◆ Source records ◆
====================
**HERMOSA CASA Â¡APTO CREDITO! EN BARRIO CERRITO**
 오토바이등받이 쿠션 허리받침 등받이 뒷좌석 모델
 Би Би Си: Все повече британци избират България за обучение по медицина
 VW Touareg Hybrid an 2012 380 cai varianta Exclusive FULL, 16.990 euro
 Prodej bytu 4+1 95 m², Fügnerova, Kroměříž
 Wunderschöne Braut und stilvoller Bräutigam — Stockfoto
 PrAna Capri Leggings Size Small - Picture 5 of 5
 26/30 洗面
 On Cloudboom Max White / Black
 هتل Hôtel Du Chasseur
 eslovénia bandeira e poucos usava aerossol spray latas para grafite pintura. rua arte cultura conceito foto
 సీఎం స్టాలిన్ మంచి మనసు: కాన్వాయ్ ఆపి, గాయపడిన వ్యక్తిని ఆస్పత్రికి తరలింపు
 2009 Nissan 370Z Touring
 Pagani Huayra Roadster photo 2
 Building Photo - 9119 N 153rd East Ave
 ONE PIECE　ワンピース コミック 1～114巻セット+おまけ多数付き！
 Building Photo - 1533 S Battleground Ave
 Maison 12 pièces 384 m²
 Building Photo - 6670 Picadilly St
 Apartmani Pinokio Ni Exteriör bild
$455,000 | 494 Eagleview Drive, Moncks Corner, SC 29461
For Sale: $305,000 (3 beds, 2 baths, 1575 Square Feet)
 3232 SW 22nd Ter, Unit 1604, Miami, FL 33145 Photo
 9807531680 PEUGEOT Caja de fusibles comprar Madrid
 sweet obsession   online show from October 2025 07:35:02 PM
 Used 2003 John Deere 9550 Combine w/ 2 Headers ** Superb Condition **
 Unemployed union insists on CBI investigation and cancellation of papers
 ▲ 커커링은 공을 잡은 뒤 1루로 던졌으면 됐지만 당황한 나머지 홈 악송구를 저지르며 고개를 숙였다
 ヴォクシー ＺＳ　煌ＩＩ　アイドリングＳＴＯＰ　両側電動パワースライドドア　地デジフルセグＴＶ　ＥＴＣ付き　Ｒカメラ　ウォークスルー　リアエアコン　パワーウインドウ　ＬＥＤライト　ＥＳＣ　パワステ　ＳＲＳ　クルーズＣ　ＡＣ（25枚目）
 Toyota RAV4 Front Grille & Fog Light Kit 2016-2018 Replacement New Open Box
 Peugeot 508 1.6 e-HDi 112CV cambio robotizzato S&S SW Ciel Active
====================
◆ WHAT THE TASK ASKS ◆
Please retype the top of the data exactly, down to and including the line that holds "Unemployed union insists", and nothing further.

◆ RESPONSE AREA ◆
**HERMOSA CASA Â¡APTO CREDITO! EN BARRIO CERRITO**
 오토바이등받이 쿠션 허리받침 등받이 뒷좌석 모델
 Би Би Си: Все повече британци избират България за обучение по медицина
 VW Touareg Hybrid an 2012 380 cai varianta Exclusive FULL, 16.990 euro
 Prodej bytu 4+1 95 m², Fügnerova, Kroměříž
 Wunderschöne Braut und stilvoller Bräutigam — Stockfoto
 PrAna Capri Leggings Size Small - Picture 5 of 5
 26/30 洗面
 On Cloudboom Max White / Black
 هتل Hôtel Du Chasseur
 eslovénia bandeira e poucos usava aerossol spray latas para grafite pintura. rua arte cultura conceito foto
 సీఎం స్టాలిన్ మంచి మనసు: కాన్వాయ్ ఆపి, గాయపడిన వ్యక్తిని ఆస్పత్రికి తరలింపు
 2009 Nissan 370Z Touring
 Pagani Huayra Roadster photo 2
 Building Photo - 9119 N 153rd East Ave
 ONE PIECE　ワンピース コミック 1～114巻セット+おまけ多数付き！
 Building Photo - 1533 S Battleground Ave
 Maison 12 pièces 384 m²
 Building Photo - 6670 Picadilly St
 Apartmani Pinokio Ni Exteriör bild
$455,000 | 494 Eagleview Drive, Moncks Corner, SC 29461
For Sale: $305,000 (3 beds, 2 baths, 1575 Square Feet)
 3232 SW 22nd Ter, Unit 1604, Miami, FL 33145 Photo
 9807531680 PEUGEOT Caja de fusibles comprar Madrid
 sweet obsession   online show from October 2025 07:35:02 PM
 Used 2003 John Deere 9550 Combine w/ 2 Headers ** Superb Condition **
 Unemployed union insists on CBI investigation and cancellation of papers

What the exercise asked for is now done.